I shoot a lot of events and sports (mostly indoor) and prefer to use two bodies -- one with a short zoom and one with a long zoom. For a while, I used the 7D as the second body to the 5D3 and it was frustrating. I wanted every image to be as sharp and as clean as possible. When I switched from a long zoom situation to a short zoom situation, I found that I was swapping lenses between the two bodies. It would have been easier to shoot with a single body.

The 5D3 AF system is extremely good, every bit as good as the 7D. I don't miss the extra 2 FPS of the 7D. However, I do have to be more selective when I burst in RAW because the 5D3 buffer fills up faster. Still, this hasn't been a problem. In low light, I have found tracking sometimes loses focus when the subject lacks contrast. But, playing with the Case settings has resolved much of this.

I'm in a situation where I occasionally challenge the limits of the 5D3 with low light sports -- such as with figure skating. 6 fps (and 8 fps of the 7D) is too slow to rely on. Skaters can rotate 180 degrees between frames. I have to rely on timing, instead. I've been tempted by the 7D2 with hopes that it will track better and the 10 fps may increase the odds of capturing a mid-jump shot with the skater looking in my direction. But, I can't go back to crop for these low light situations. The 7D2 might give me a few extra shots that I'm missing with the 5D3, but every shot will lose the extra pop that I get with the 5D3. My keeper rate with the 5D3 is quite high and I'm not willing to drop down in IQ for the sake of a few extra images.

I understand that the 5D3 still has at least a stop advantage over the 7D2 in noise. I live between ISO 3200 and 6400, so that extra stop is important to me. If you most often shoot below 3200, noise may not be a factor.

For action with more light, perhaps the 7D2 will do fine. It's worth noting that an f2.8 lens on crop has the DOF of an f4.4 lens on FF. So, crop does benefit from this extra wiggle room when tracking moving subjects. It can be off just a tad and subjects will still appear in focus. If the FF body loses focus slightly while tracking, it may be more noticeable. However, when it locks on, the FF body will still have more pop with the smaller DOF and the sharper images.

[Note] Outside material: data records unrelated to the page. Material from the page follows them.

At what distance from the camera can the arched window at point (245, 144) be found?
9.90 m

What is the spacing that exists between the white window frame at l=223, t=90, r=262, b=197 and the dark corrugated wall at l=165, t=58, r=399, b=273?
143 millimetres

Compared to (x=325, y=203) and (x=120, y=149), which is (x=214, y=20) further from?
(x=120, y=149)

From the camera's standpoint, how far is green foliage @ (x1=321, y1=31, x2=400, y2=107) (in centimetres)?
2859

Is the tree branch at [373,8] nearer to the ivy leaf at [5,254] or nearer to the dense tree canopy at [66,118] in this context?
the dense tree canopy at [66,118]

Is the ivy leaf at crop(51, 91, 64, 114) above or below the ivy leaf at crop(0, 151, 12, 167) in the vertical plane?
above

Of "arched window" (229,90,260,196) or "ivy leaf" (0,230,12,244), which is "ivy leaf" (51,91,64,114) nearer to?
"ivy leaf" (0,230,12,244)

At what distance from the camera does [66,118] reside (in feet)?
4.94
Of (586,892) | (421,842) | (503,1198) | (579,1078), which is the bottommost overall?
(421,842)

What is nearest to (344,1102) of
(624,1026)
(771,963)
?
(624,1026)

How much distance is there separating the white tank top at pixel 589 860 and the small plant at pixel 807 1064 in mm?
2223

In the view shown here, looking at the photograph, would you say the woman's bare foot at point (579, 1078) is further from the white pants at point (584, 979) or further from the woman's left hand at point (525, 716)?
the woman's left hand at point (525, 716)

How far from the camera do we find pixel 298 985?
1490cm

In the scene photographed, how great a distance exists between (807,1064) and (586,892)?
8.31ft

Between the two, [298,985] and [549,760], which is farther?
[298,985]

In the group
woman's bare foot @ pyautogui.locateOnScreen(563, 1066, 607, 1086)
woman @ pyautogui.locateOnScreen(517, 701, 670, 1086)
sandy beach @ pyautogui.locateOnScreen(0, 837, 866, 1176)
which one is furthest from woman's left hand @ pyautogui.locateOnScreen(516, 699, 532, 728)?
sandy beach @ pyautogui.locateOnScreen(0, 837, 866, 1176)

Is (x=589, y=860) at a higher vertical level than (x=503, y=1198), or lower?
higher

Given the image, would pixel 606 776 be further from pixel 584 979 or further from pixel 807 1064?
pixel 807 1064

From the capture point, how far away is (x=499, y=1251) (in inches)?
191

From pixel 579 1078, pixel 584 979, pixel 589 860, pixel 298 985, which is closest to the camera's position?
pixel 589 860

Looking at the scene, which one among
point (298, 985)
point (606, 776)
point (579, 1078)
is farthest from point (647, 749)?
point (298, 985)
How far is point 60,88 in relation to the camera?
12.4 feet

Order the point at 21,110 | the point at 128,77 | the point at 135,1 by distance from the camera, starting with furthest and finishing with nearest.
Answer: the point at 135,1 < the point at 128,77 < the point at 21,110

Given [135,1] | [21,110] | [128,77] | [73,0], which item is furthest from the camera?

I must stress that the 5D3 has a fantastic AF system and is an underrated sports body. Personally, I'm in a position to up my game and seriously considered the 7D2 for its advantages with AF tracking and 10 FPS. But, for the reasons stated above, I'd rather stick with full frame. I've decided that the only path up for me is a 1Dx (which is on order, thanks to dropping prices).


----------